Finland's parliament votes in favour of NATO membership

AFP , AP , Wednesday 1 Mar 2023

Finland's parliament on Wednesday voted overwhelmingly in favour of joining NATO, ahead of ratifications from Hungary and Turkey, increasing the likelihood it will enter the alliance before Nordic neighbour Sweden.

Finland Parliament
File photo: This file photo taken on April 8, 2022 shows Ukrainian President Volodymyr Zelensky displayed on large screens as he addressed members of the Finnish parliament via video link at the Finnish Parliament in Helsinki, Finland. AFP

 

Lawmakers approved a law affirming that Finland accepts the terms of the NATO treaty by 184 votes against seven.

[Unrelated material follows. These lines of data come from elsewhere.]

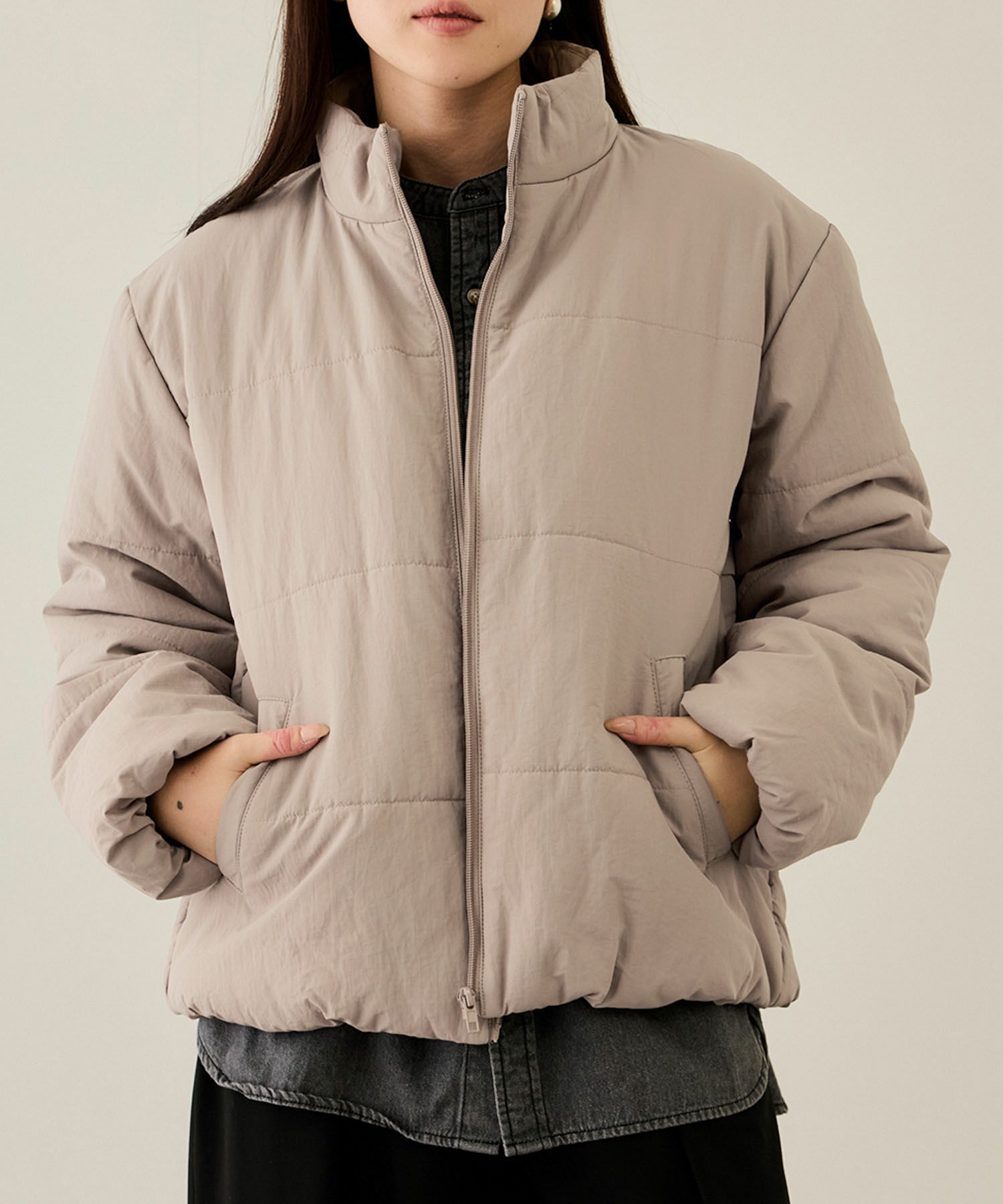 [最終さらに50%OFF]nAvy  撥水中綿ブルゾン レディース商品画像-5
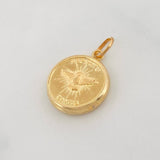 Espiritu Santo Pendant 0.95g / 3/4 in 18K Yellow Gold
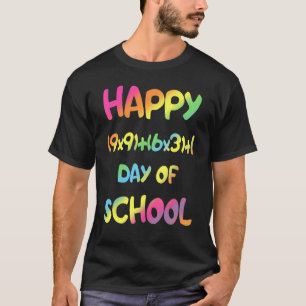 Mathematik Formel 100 Tage der Schule zurück zum T T-Shirt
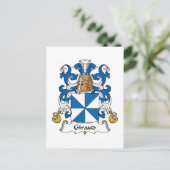Giraud Family Crest Briefkaart (Staand voorkant)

The votes came as Turkey announced on Monday that NATO accession talks with Sweden and Finland would be held next month, after being postponed in January over a row about protests held in Stockholm.

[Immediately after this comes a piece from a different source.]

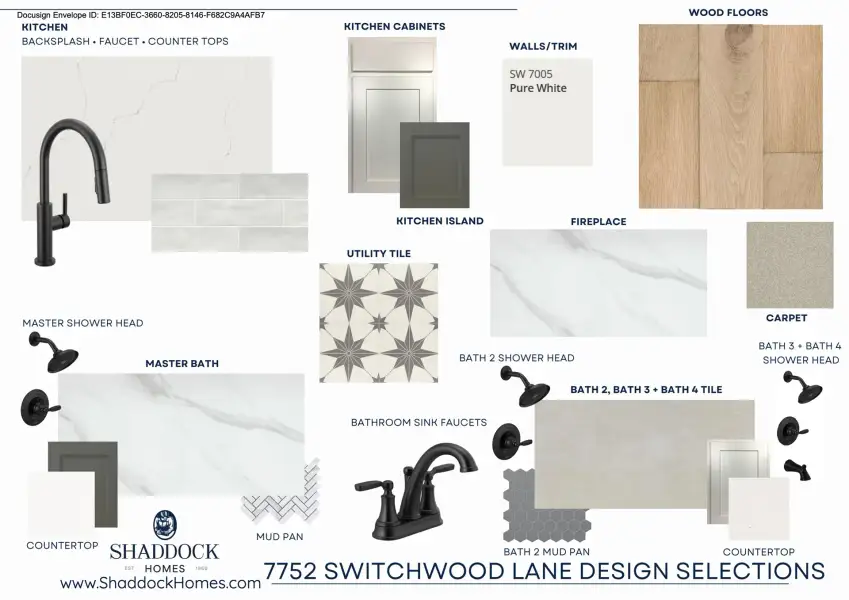 Sample of building materials used in homes in Tavolo Park, Fort Worth (Image 3). Sample of building materials used in homes in Tavolo Park, Fort Worth (Image 3).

"The meeting will be held on March 9," Turkish Foreign Minister Mevlut Cavusoglu told a news conference in Ankara, alongside his Hungarian counterpart.

Bids to join NATO must be ratified by all members of the alliance, of which Turkey is a member.

But Ankara was outraged by the protests in January that included the burning of the Koran outside its embassy in Stockholm.

In turn Turkish President Recep Tayyip Erdogan warned Sweden he would not support its bid to join the Western US-led defence alliance.

"It's not possible for us to give consent (to a NATO bid) before Sweden fulfils its commitments" under a three-party protocol signed in Madrid in June, turkish FM Cavusoglu said.

Cavusoglu also made it clear that Turkey looked warmly on Finland's bid.

"We may separate Sweden and Finland's membership process," he added.

NATO member-states and most allies have long insisted that the Nordic neighbors should join at the same time. However, NATO officials in recent weeks have played down the significance of the two nations joining simultaneously.

"There are different assessments in Turkey about to what extent Finland and Sweden are in the same position to be ratified, and that is a Turkish decision,'' NATO Secretary-General Jens Stoltenberg told reporters, after chairing a meeting of NATO defense ministers.

"That's not a NATO decision. It's a decision by Turkey,'' he said, while underlining his belief that both countries have fulfilled their commitments to NATO and Turkey and should be allowed to join.

Stoltenberg added that "the sequencing is not the most important thing. The most important thing is that both Finland and Sweden soon become members of the alliance,'' breaking with a stance he has voiced for many months that it was important that they join together.

Turkey is also in an election year, and the topic of Nordic membership of NATO is a possible vote winner.

Previous two rounds of the tri-party NATO talks were attended by foreign ministry officials and focused on a specific list of Turkish demands, which include the expulsion of dozens of mostly Kurdish suspects.

Swedish Prime Minister Ulf Kristersson has said it would be "unfortunate'' if Finland entered NATO first.